Attempts have been made to increase joint prosthesis longevity by providing designs that cushion joints and/or create lower-friction environments, for example, U.S. Pat. No. 8,979,938 to Linares, U.S. Pat. No. 7,175,666 to Yao, U.S. Pat. No. 5,389,107 to Nasser, U.S. Pat. No. 7,186,364 to King and 2004/0068322 to Ferree. These designs, however, fail to address another problem inherent to environments that continue to have contacting articulating surfaces. The contact and relative motion between the articulating surfaces creates unwanted erosion and debris production, leading to the creation of micro-particles, such as metal ions, that are released into circulation potentiating the risk of systemic disease or reaction. Reaction to these micro-particles are also known to be the major cause of osteolysis at the bone-implant interface. This osteolysis leads to aseptic loosening of the implant, which one of the most common indications for revision surgery. Scott J. MacInnes et al., “Risk Factors for Aseptic Loosening Following Total Hip Arthroplasty,” Recent Advances in Arthroplasty 275-294 (2012), Dr. Samo Fokter (Ed.), ISBN: 978-953-307-990-5, InTech, Available from: http://www.intechopen.com/books/recent-advances-in-arthroplasty/risk-factors-for-aseptic-loosening-following-total-hip-arthroplasty. Thus, previous lower-friction designs may decrease but not resolve the problems associated with joint prostheses.

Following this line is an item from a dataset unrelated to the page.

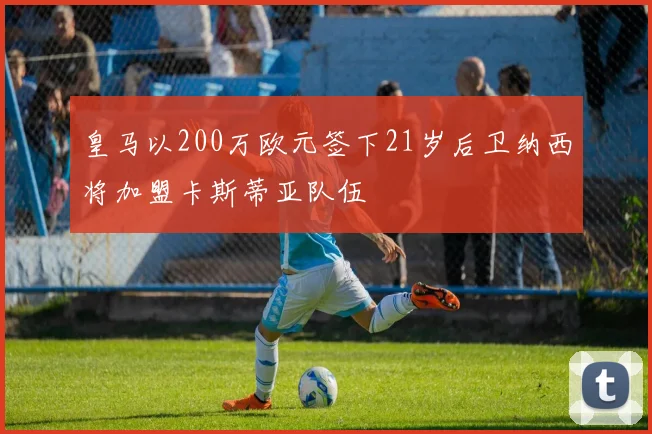 皇马以200万欧元签下21岁后卫纳西将加盟卡斯蒂亚队伍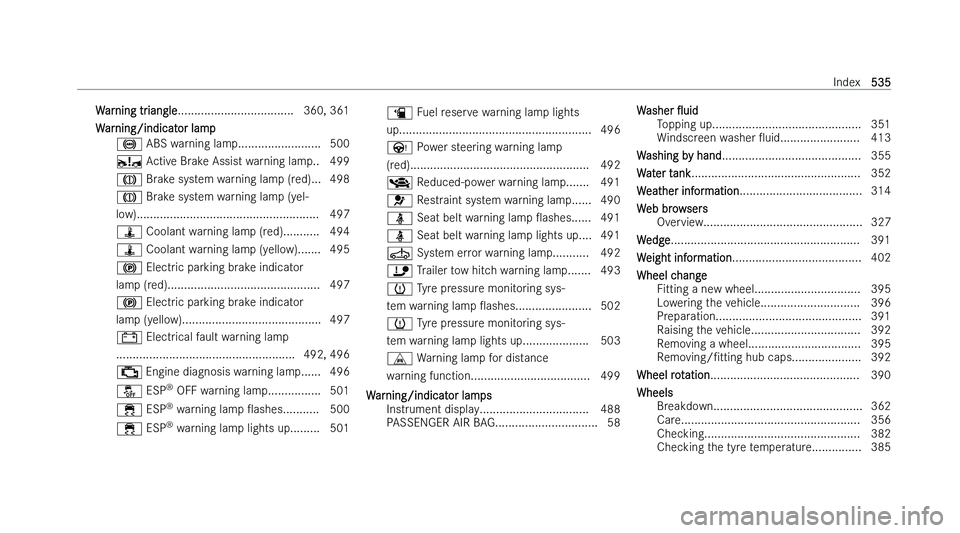 MERCEDES-BENZ B-CLASS HATCHBACK 2022  Owners Manual �W�a�r�n�i�n�g� �t�r�i�a�n�g�l�e�.�.�.�.�.�.�.�.�.�.�.�.�.�.�.�.�.�.�.�.�.�.�.�.�.�.�.�.�.�.�.�.�.�.�.
�3�6�0�,� �3�6�1
�W�a�r�n�i�n�g�/�i�n�d�i�c�a�t�o�r� �l�a�m�p �%� �A�B�S� �w�a�r�n�i�n�g� �l�a�m�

Further, various current prosthetic designs do not wear evenly over their entire articulating surfaces. Rather, wear is found to occur within a specific zone of the articulating surface, which correlates to the uneven distribution of surface contact pressures. Contact pressures are found to be highest where the magnitude of the loading force vector is at a maximum and then decrease precipitously in all directions away from that point. Since the wear of prosthetic components are increased in these relatively small areas of concentrated contact pressures, the ideal prosthesis would be designed to distribute forces transferred through the joint evenly over the largest possible surface area, whereby exponentially lowering contact pressures and resultant wear rates. All current and proposed prosthetic joint designs are inherently unequipped to address this concern because they are all based on the same fundamental joint design. Only a truly novel prosthetic joint design will be able to address the aforementioned concern.

In addition to the above concerns, prosthetic joints also carry the risk of dislocation throughout the life of the prosthetic. A variety of methods have been used to minimize this risk. These methods include maximizing implant size and optimizing angles of implantation. However, these methods have not eliminated this risk altogether, and many patients with such prostheses must live with a limited range of motion. For example, patients with a hip prosthesis are typically instructed not to engage in strenuous activities or high impact activities in order to reduce the risk of dislocation. Dislocation can be unpleasant for patients, and require a long period of recovery and further restrictions on movement. Complications of dislocation include need for re-operation with or without revision surgery, sudden acute severe pain, functional impairment, soft-tissue damage, disassociation of modular components, and devastation to the patients' confidence in their hip replacement and/or surgeon. These complications and others, for example, are discussed in “Impingement in Total Hip Replacement: Mechanisms and Consequences,” Thomas D. Brown, Ph.D. et al., Curr. Orthop. 2008 Dec. 1; 22(6): 376-391, and “Risk of dislocation using large- vs. small-diameter femoral heads in total hip arthroplasty,” Johannes F. Plate et al., BMC Research Notes 2012, 5:553, both of which are attached as an Appendix to the present application.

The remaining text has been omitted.